> [Data section]
========

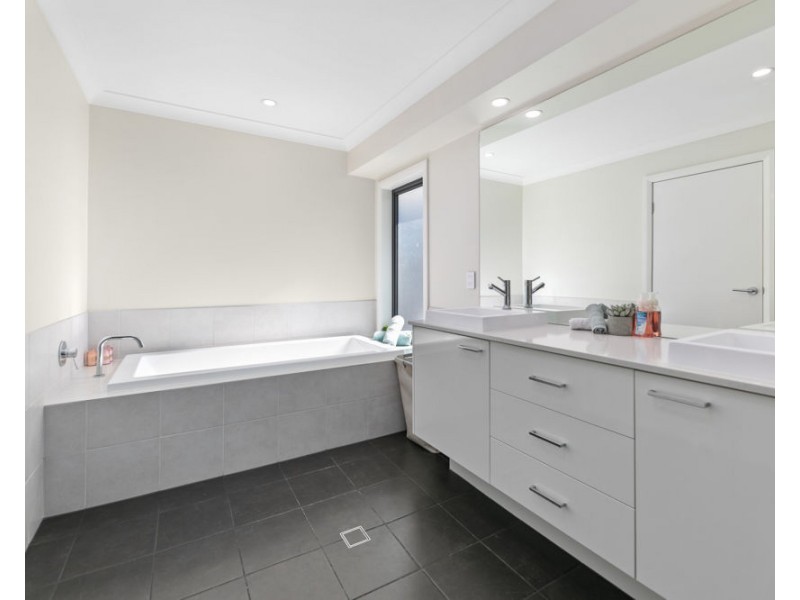 215 Hauton Road, Burpengary QLD 4505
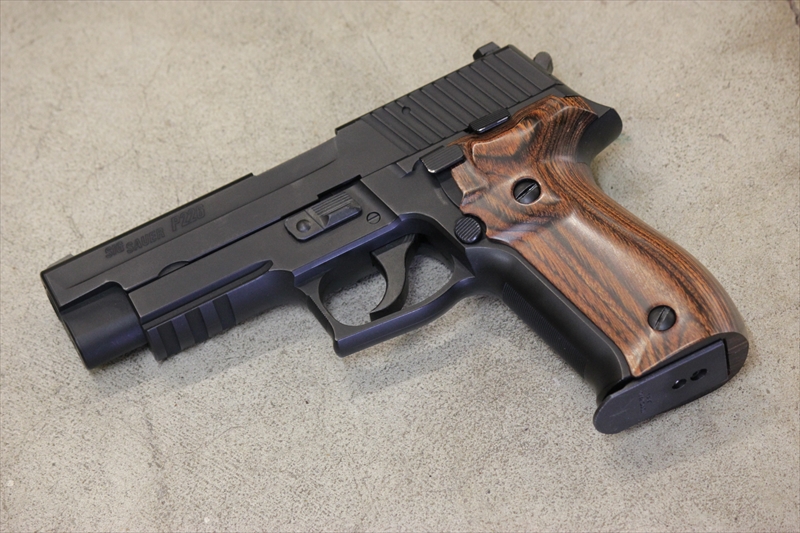 SIG P226R custom／ 東京マルイベース SIG P226R custom／ 東京マルイ
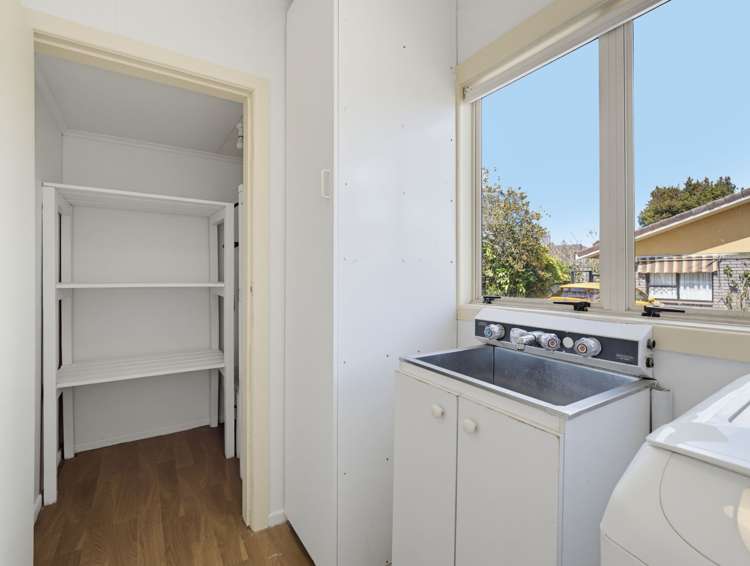 50A Holland Street Glenholme_14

========

> [Problem description] Give an exact copy of the material, leaving out every picture.

> [Answer to this problem]
 215 Hauton Road, Burpengary QLD 4505
 SIG P226R custom／ 東京マルイベース SIG P226R custom／ 東京マルイ
 50A Holland Street Glenholme_14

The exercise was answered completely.